Posts tagged: Family

The most perfidious way of harming a cause consists of defending it deliberately with faulty arguments

My titles seem to be getting longer and longer. Short and snappy isn’t really my style, I guess. Concise? Sometimes. Relevant? Not always, but I try. I was contemplating beating my last entry as “the longest blog about nothing” Dan’s ever read, but I don’t think I’m going to make it. After all, at least parts of this shall be about something, veiled as those references may be. The internal evaluation process I go through on some level for every action I take is convoluted. There’s no logical reason why I should feel that every relationship I enter into is doomed from the start other than experience, but it’s a truly skewed set of landmarks. Should I assume that they are all condemned to an ignominious end merely because those I’ve had in the past did?
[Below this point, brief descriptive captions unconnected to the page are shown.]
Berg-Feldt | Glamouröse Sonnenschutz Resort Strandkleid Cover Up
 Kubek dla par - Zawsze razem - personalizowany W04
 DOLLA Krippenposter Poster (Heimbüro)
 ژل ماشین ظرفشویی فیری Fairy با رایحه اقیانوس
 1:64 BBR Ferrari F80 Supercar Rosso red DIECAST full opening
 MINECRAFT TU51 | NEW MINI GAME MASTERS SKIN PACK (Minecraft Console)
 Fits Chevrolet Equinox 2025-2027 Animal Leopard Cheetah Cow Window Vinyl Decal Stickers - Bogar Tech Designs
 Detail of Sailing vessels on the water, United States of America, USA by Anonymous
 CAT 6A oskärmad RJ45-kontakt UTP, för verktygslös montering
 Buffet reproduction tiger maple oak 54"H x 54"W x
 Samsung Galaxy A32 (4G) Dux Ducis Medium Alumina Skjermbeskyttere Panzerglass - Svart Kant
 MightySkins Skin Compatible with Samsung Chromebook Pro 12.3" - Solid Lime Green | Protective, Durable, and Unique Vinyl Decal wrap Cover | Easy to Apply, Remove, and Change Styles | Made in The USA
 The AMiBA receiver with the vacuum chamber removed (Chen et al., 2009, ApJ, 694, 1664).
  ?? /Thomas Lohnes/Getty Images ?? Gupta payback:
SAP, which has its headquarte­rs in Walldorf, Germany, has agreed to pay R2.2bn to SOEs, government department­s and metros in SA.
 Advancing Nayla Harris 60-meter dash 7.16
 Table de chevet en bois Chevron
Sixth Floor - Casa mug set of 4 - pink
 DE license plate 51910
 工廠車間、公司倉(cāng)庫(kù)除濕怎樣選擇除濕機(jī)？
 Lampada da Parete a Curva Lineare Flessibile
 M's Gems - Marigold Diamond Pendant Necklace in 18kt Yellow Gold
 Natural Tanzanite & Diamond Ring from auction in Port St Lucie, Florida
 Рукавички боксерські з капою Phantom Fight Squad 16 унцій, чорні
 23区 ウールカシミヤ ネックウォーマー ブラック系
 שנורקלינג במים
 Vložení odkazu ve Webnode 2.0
A great many of those were due to my shortcomings and personal failures, but not all. I’ve been involved with some people where the words best used to describe them fall into categories typically reserved for lunatics. Regardless, it’s rather silly of me to conclude that I’m bound to bungle things with all of them, or be so intolerable that others cannot stand me. I highly doubt that I’ll end up dating another person who drinks my blood, or one who prefers that I sleep with other people to breaking up (not that I’m necessarily opposed to open relationships, merely that it’s a bit pathetic to oblige in the indiscretions of somebody else just to stay together if it’s not something you actually desire). Why, then, do I automatically think that things must come to a cataclysmic end?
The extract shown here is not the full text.